Forty-eight years have passed since humans first set foot on the moon. Now that the exploration of Mars by unmanned rovers is possible, the expression "colonization of Mars" is no longer considered “out of this world”. Thinking from the perspective of cutting-edge planetary science, life science, and material science - is actual migration to Mars possible? We spoke to Director Kei Hirose and Associate PI Tomohiro Usui of the Earth-Life Science Institute at Tokyo Institute of Technology (ELSI) about their prospects and technology required for the future.

Is the day we stand on Mars soon?

− Mars immigration is a hot topic these days.

Hirose: NASA seems to be thinking about how we can really move to Mars, and Elon Musk of Space X is hard at work as well. A nonprofit organization in the Netherlands called Mars One has also begun recruiting hopeful migrants. Even people from the private sector are planning and working at this; it’s not a sci-fi movie. Interest in Mars is rising at a global level, and I think we’re at the stage where the roadmap is being made.

Usui: NASA alone is not enough to provide human and other resources for really learning about Mars, so we’re working in an international framework. We’re working at investigating meteorites from Mars (※1), and sending probes (※2) there to discover more. There are still plenty of knowledge gaps between us and migration, or even manned flights to Mars.

− With the current roadmap, when will immigration begin?

Hirose: If things go well, NASA plans a manned flight to Mars in 2035. Another quarter century for migration? Of course, I don’t think this plan will work so smoothly (laughs).

− Then why do you and ELSI focus on Mars?

Hirose: One main reason we study Mars is to compare it to Earth. Mars and Earth are made by basically similar processes. Mars may have been a blue planet just like Earth. It’s estimated that three hundred million years ago, 20% of Mars’ surface was covered with ocean. It’s also believed that, at that time, Mars had a high temperature core and thermal convection producing a magnetic field like that of Earth.

− Nothing like the Mars we know now.

Hirose: It is thought that a series of small meteors fell on Mars from 4.2 to 3.9 billion years ago, ultimately cooling the liquid core and causing the thermal convection to stop, setting the magnetic field like a permanent magnet. Without a magnetosphere, the solar wind (plasma particle gas) stripped the planet's atmosphere, and the water evaporated. The water molecules were ionized by radiation, hydrogen gas was released into space, and oxygen oxidized everything on the surface. The soil is covered with iron oxide, and this is the red surface of Mars.
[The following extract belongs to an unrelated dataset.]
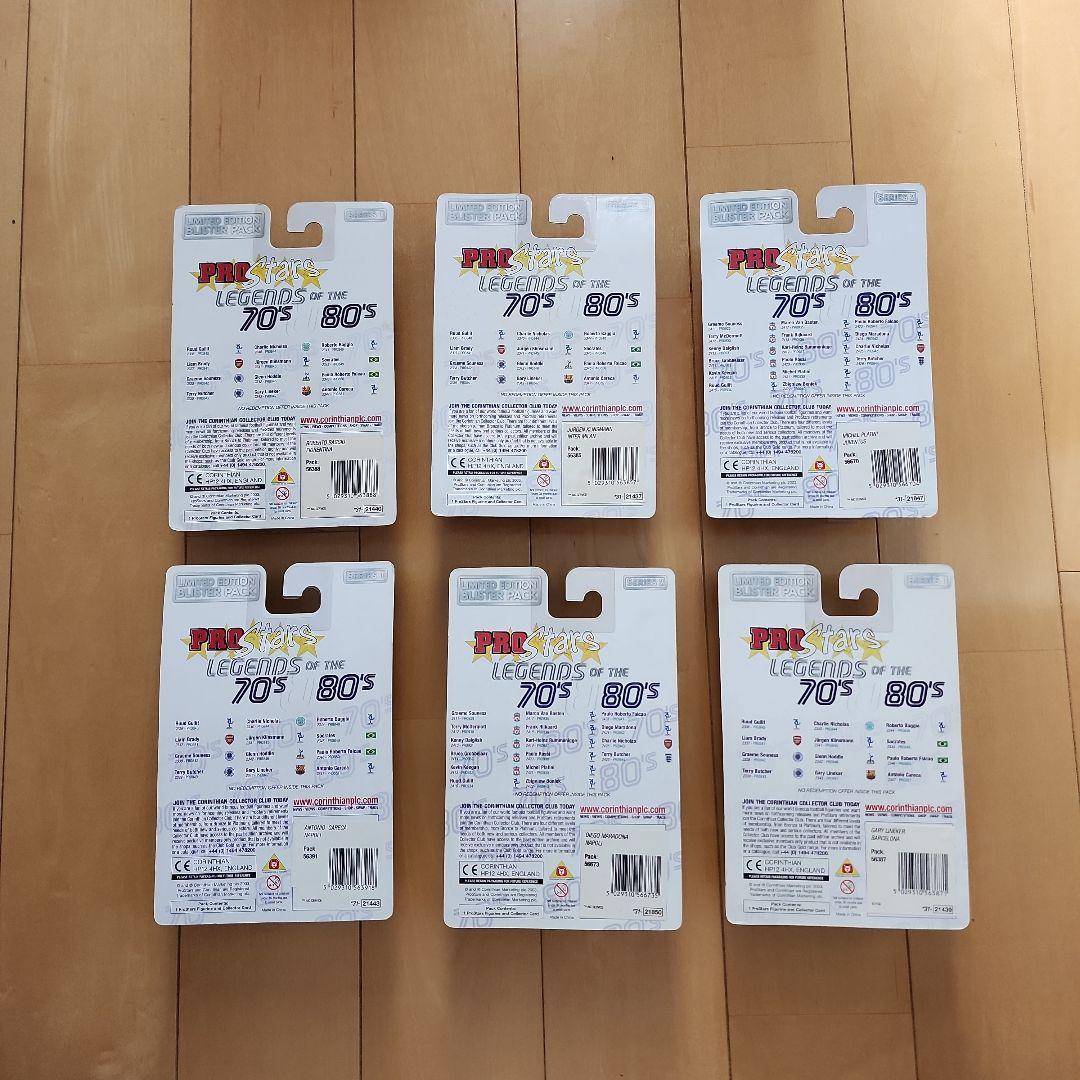 コリンシアン Legends of the70's 80's 6体セット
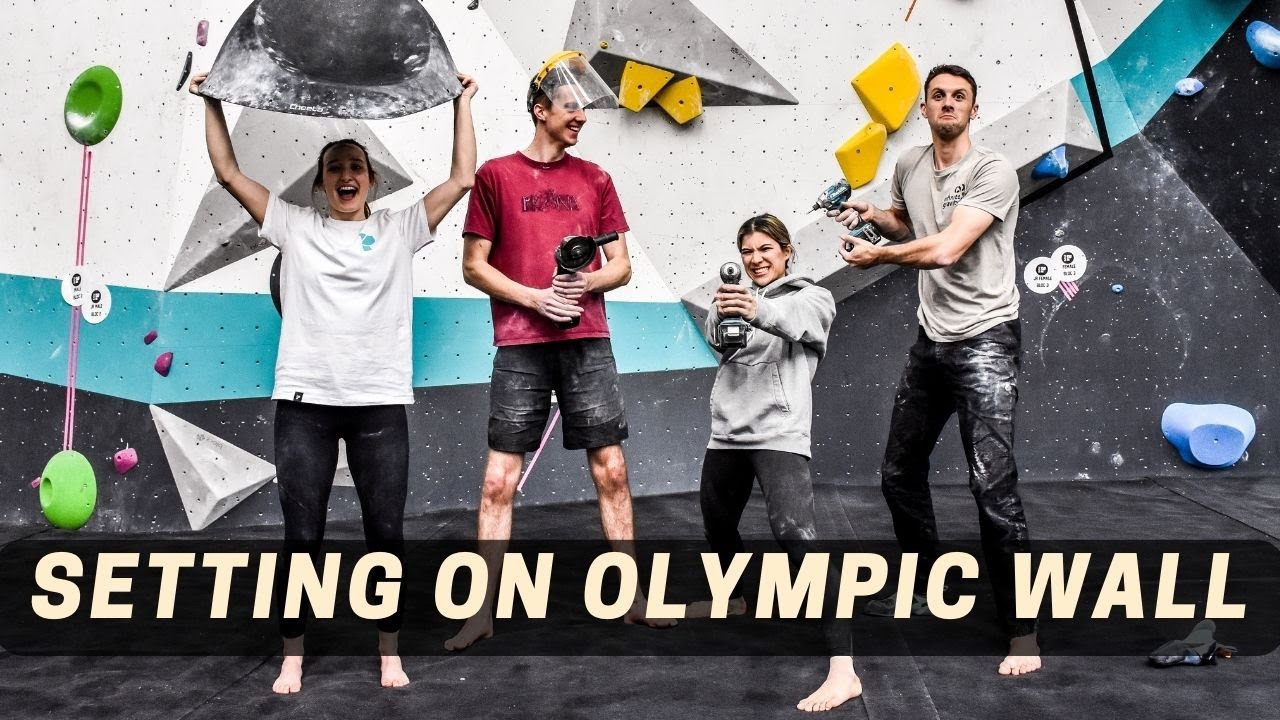 We set boulders on the Olympic Wall replica with Hannah Morris and Josh Rundle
− There is a possibility that Mars was once like the Earth, and the possibility that Earth was once like Mars is currently.

Hirose: Different processes between Earth and Mars lead them to different results as planets. Based on the knowledge we have, it's very interesting to consider if there was life on Mars at that time. Under the hypothesis that life was born on the Earth, if we apply that idea to Mars in that same period, we reach a conclusion that is verifiable. The fact that we can verify models made on Earth is one of Mars' interesting points.

− Mars is called the brother planet of Earth.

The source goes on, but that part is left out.